From the sermons of Blessed Abbot Guerric
Mary, Mother of Christ and Mother of Christians
Mary bore only one Son. In heaven, he is the only-begotten of the Father; on earth, likewise, he is the only-begotten of his Mother. She who is the only Virgin-Mother, she who glories in having borne the only-begotten of the Father, embraces that same only-begotten of hers in all his members so she can truly be called mother of all in whom she sees that Christ her Son has been formed or is being formed.
The first Eve is not so much a mother as a stepmother since she handed on to her children an inheritance of certain death rather than the beginning of light.
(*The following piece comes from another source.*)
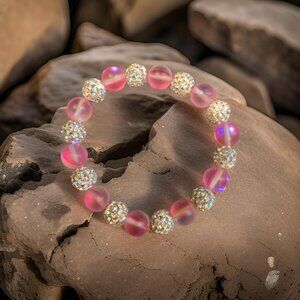 White Shamballah & Pink Bracelet~ 7 inch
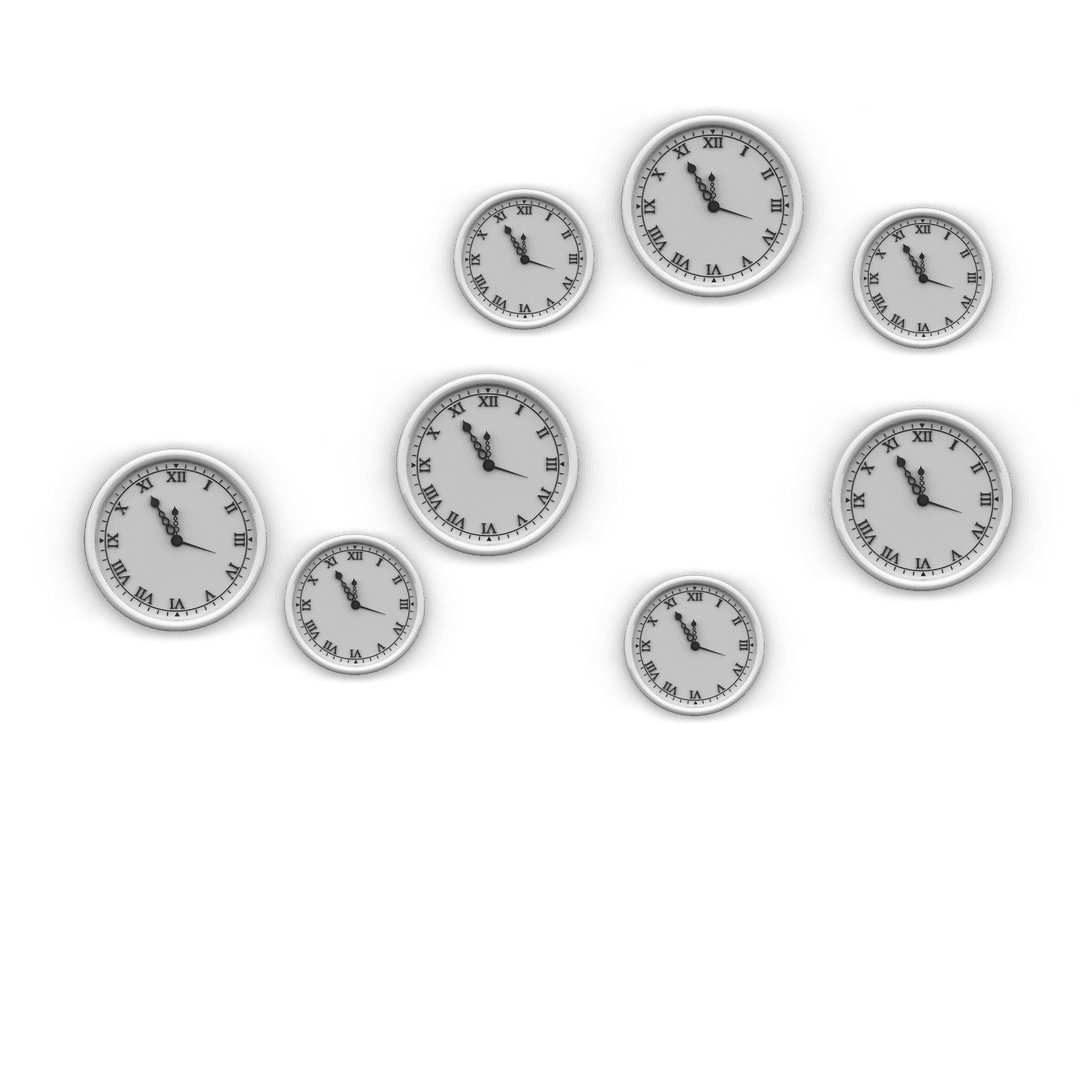 Black and White Roman Numeral Clocks on Transparent Background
She is indeed called the mother of all the living, but she turned out to be more precisely the murderer of the living, or mother of the dead, since the only fruit of her child-bearing was death. And as Eve was incapable of fulfilling the vocation of her title, Mary consummated the mystery. She herself, like the Church of which she is the type, is a mother of all who are reborn to life.
She is in fact the mother of the Life by which everyone lives, and when she brought it forth from herself she in some way brought to rebirth all those who were to live by that Life. Thus the blessed Mother of Christ, knowing that she is the mother of all Christians by reason of this mystery, shows herself a mother by her care and loving attention. For her heart is not hardened against these children as if they were not her own; her womb carried a child once only, yet it remains ever fruitful, never ceasing to bring forth the fruits of her motherly compassion.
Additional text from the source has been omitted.